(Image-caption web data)
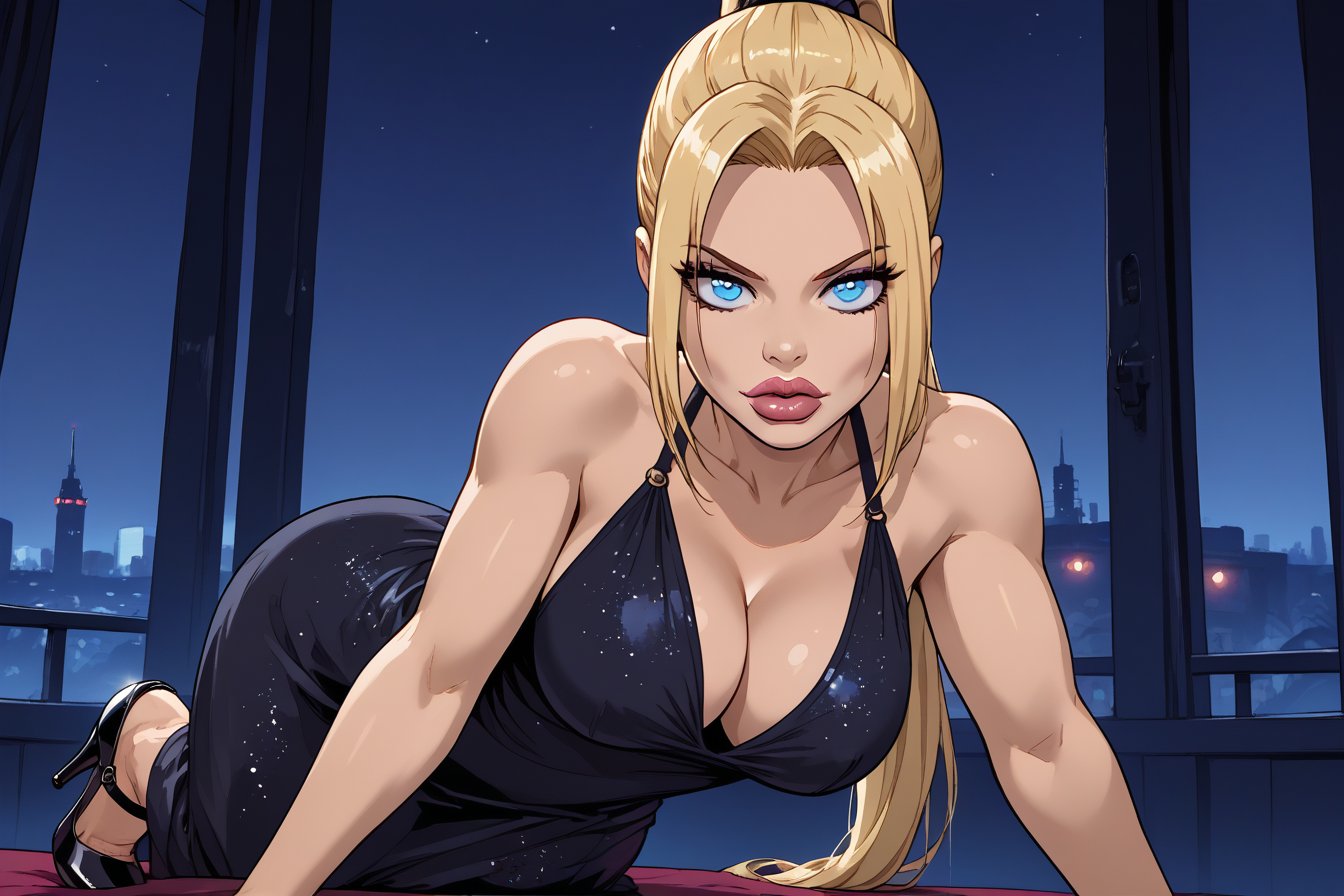 beautiful busty woman, blonde hair, ponytail, big lips, blue eyes, black night club dress, high heels, night club background, sinozick style, bold lines, high quality, masterpiece, dc comics style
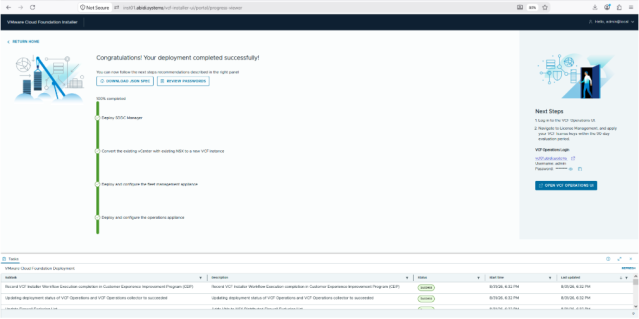 vExpert's tweet photo. Automated VMware Cloud Foundation Lab (VCF) 9.1 Fleet Deployment Converge Fork branch | As promised, here is my blog on automated deployment of brownfield with vCenter 8 and NSX 4 converted into new VCF 9.0.2 Instance. – Abbed Sedkaoui #vExpert #unemployed https://t.co/WEk9QHJWVS https://t.co/JreXF27CPl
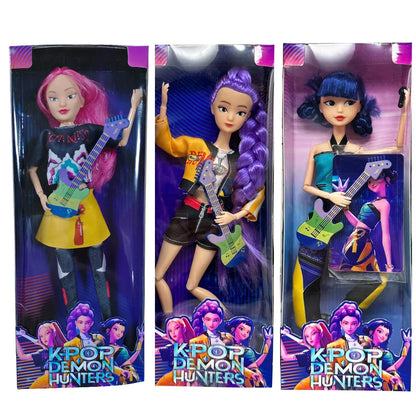 NEW KPop Demon Hunters Action Figure Dolls – Rumi, Mira, Zoey Princess DIY Plastic Toys for Girls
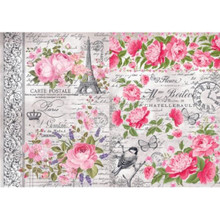 Little Birdie Crafts- A4 Filament Decoupage Papers- French Rose- 2 sheets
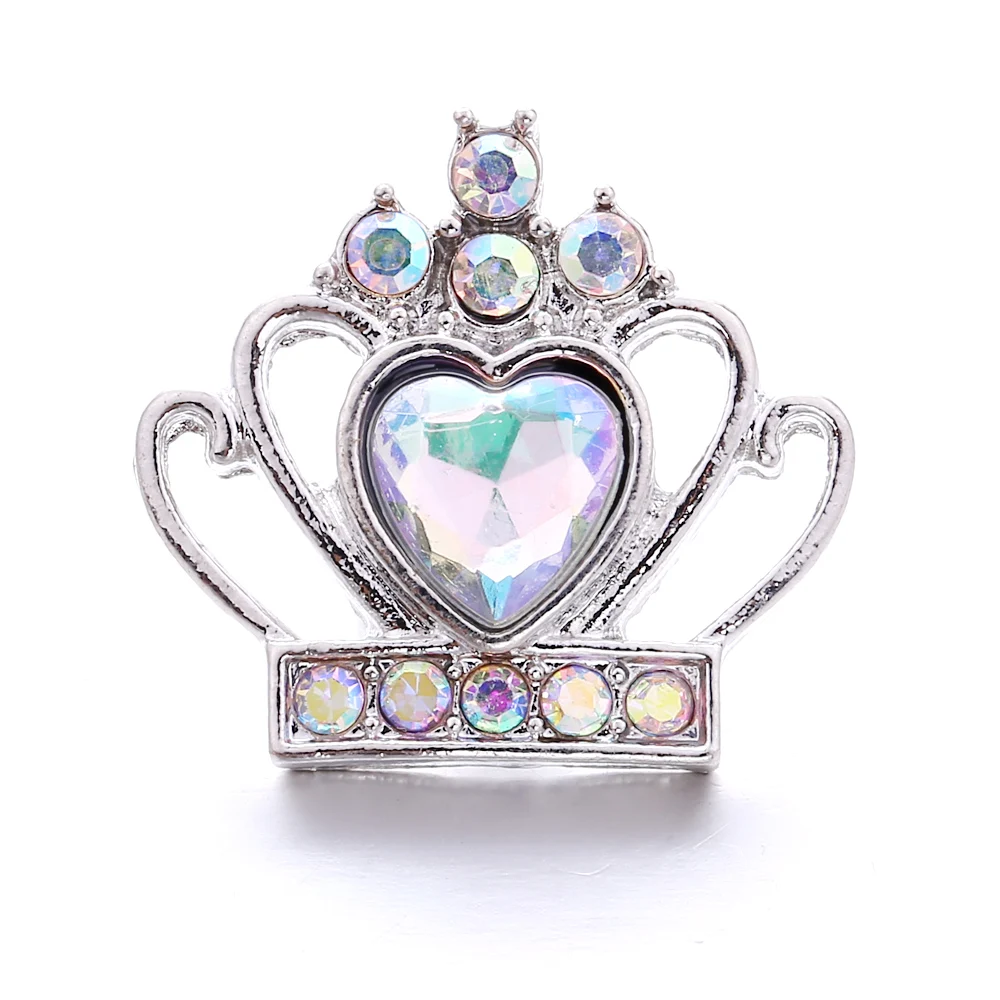 20pcs Snap Jewelry Crystal Rhinestone Crown Snap Buttons Fit 18mm Snap Button Bracelet Bangle Interchangeable Jewelry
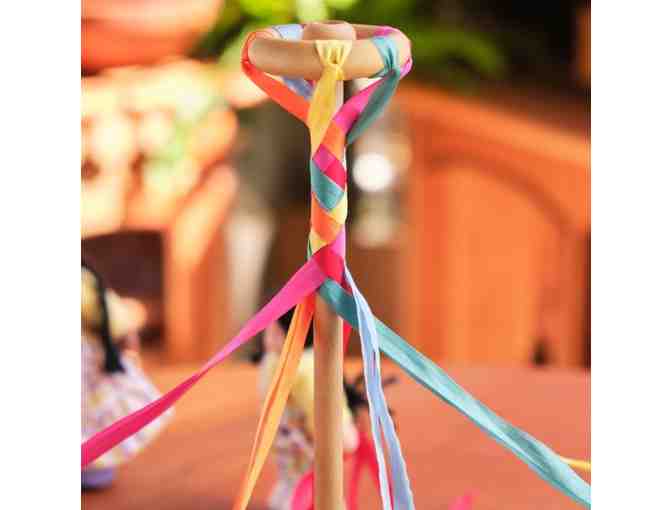 May Pole Decoration with Silk Ribbon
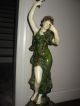 Vintage French Lady Figural Spelter Newel Post Planter Jardinere Vase Not Lamp Lamps photo 1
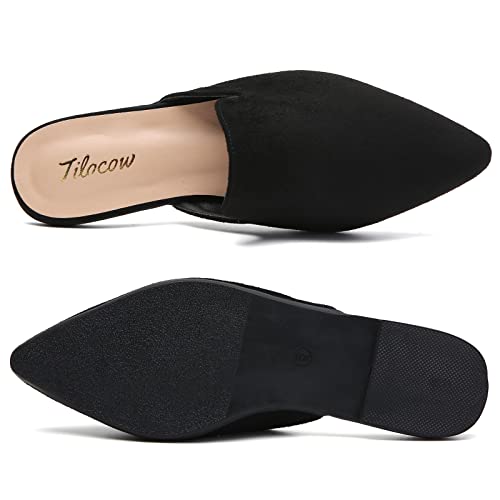 Image of Tilocow Women's Pointed Toe Flat Mules Backless Slip On Loafers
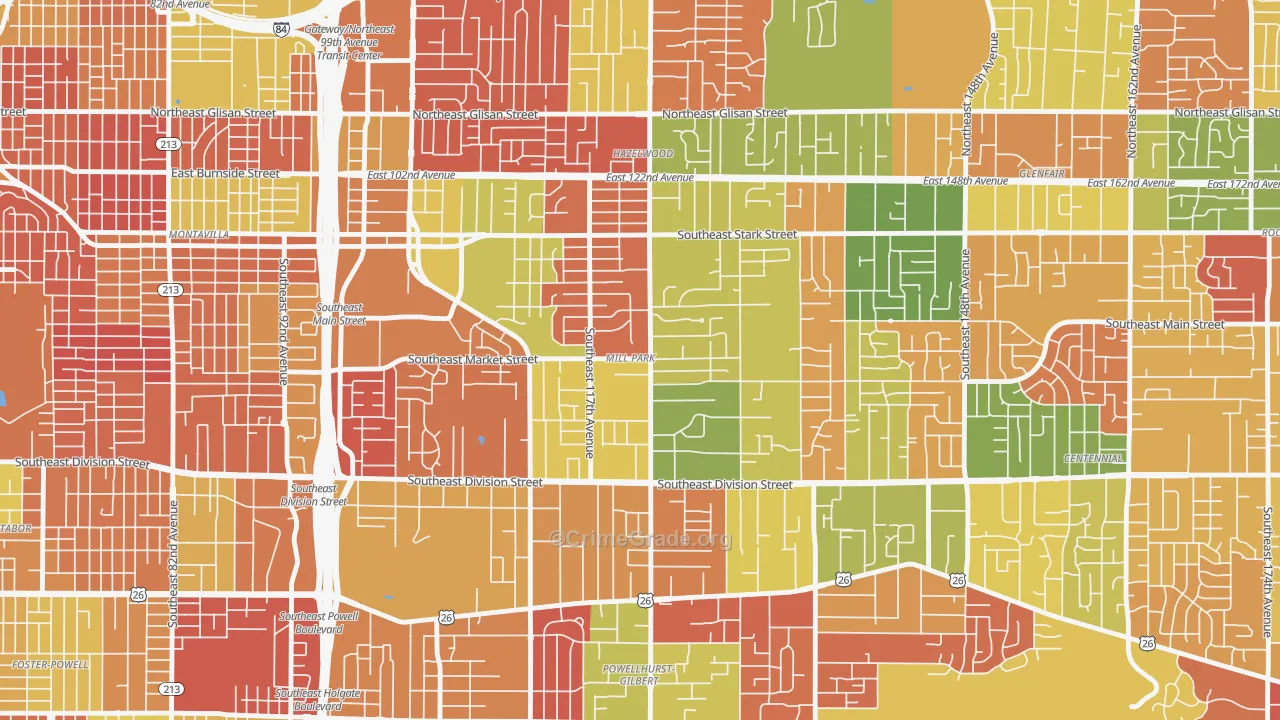 Mill Park, Portland, OR Map of Arson Rates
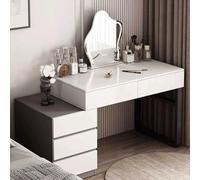 Coiffeuse avec bureau intégré et rangement 110 cm/130 cm Matériau épais Différents espaces mobiles 3 couleurs Design haut de gamme (C 80)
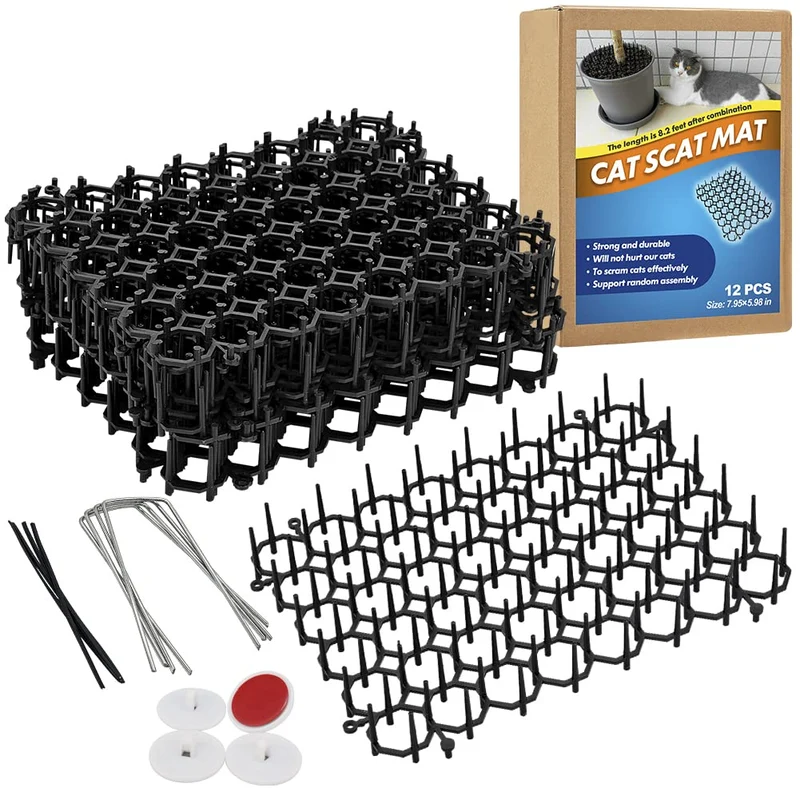 Ley's 12 paquets Mat anti-chat 6x8 po – Barrière anti-chat pour plantes et mobilier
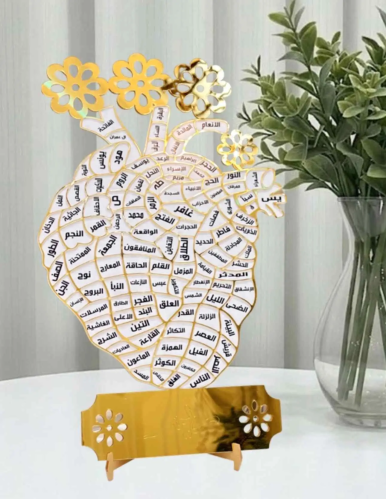 لوح تحفيزي لحفظ وختم القران شكل قلب مخصص بالاسم -...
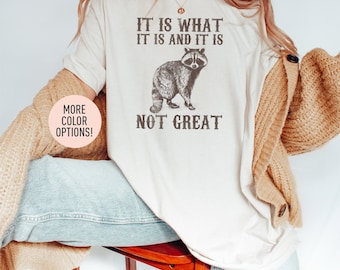 It Is What It Is And It Is Not Great Shirt, Funny Mood Shirt, Funny Raccoon Shirt, Funny Meme Shirt, Oversized Shirt for Women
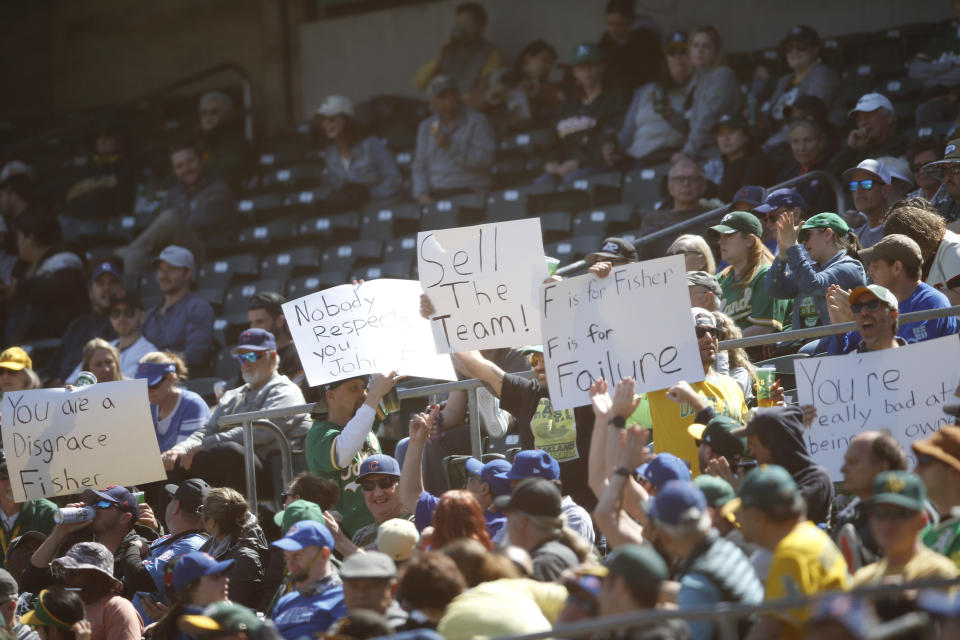 Fans in Oakland are beyond frustrated with the state of their team. (Photo by Michael Zagaris/Oakland Athletics/Getty Images)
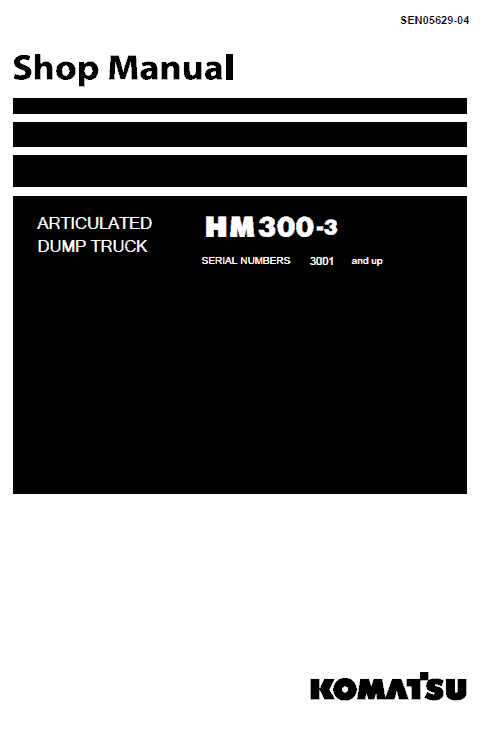 Komatsu HM300-3 Dump Truck Service Manual Workshop Guide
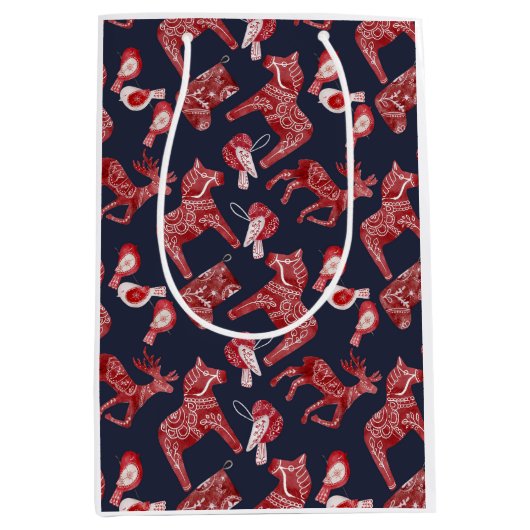 Sac Cadeau Moyen Cheval de Dala de l'aquarelle scandinave (Devant)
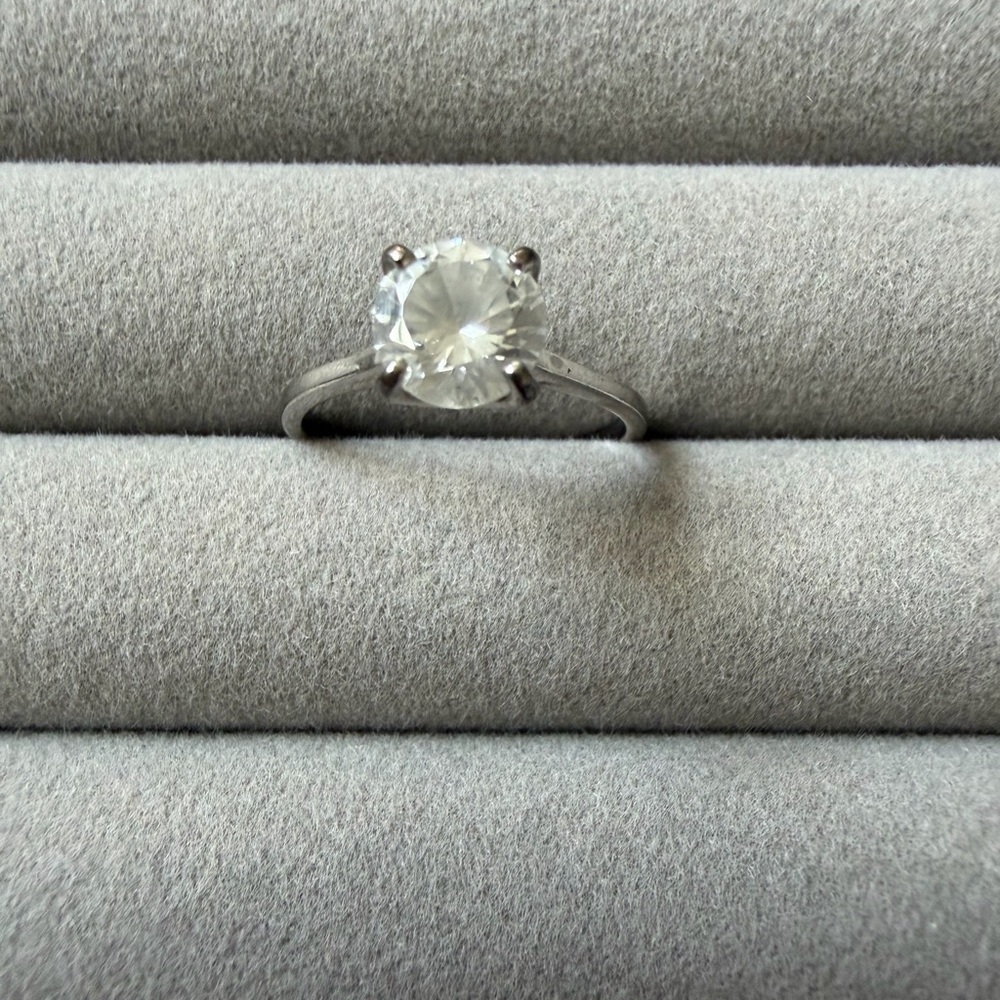 Elegant Silver Solitaire Ring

### Exercise requirements
Copy exactly the lines from the first line of the records above through the line with "It Is What It", both included, and nothing else. Pictures stay out.

### Response box
 beautiful busty woman, blonde hair, ponytail, big lips, blue eyes, black night club dress, high heels, night club background, sinozick style, bold lines, high quality, masterpiece, dc comics style
 vExpert's tweet photo. Automated VMware Cloud Foundation Lab (VCF) 9.1 Fleet Deployment Converge Fork branch | As promised, here is my blog on automated deployment of brownfield with vCenter 8 and NSX 4 converted into new VCF 9.0.2 Instance. – Abbed Sedkaoui #vExpert #unemployed https://t.co/WEk9QHJWVS https://t.co/JreXF27CPl
 NEW KPop Demon Hunters Action Figure Dolls – Rumi, Mira, Zoey Princess DIY Plastic Toys for Girls
 Little Birdie Crafts- A4 Filament Decoupage Papers- French Rose- 2 sheets
 20pcs Snap Jewelry Crystal Rhinestone Crown Snap Buttons Fit 18mm Snap Button Bracelet Bangle Interchangeable Jewelry
 May Pole Decoration with Silk Ribbon
 Vintage French Lady Figural Spelter Newel Post Planter Jardinere Vase Not Lamp Lamps photo 1
 Image of Tilocow Women's Pointed Toe Flat Mules Backless Slip On Loafers
 Mill Park, Portland, OR Map of Arson Rates
 Coiffeuse avec bureau intégré et rangement 110 cm/130 cm Matériau épais Différents espaces mobiles 3 couleurs Design haut de gamme (C 80)
 Ley's 12 paquets Mat anti-chat 6x8 po – Barrière anti-chat pour plantes et mobilier
 لوح تحفيزي لحفظ وختم القران شكل قلب مخصص بالاسم -...
 It Is What It Is And It Is Not Great Shirt, Funny Mood Shirt, Funny Raccoon Shirt, Funny Meme Shirt, Oversized Shirt for Women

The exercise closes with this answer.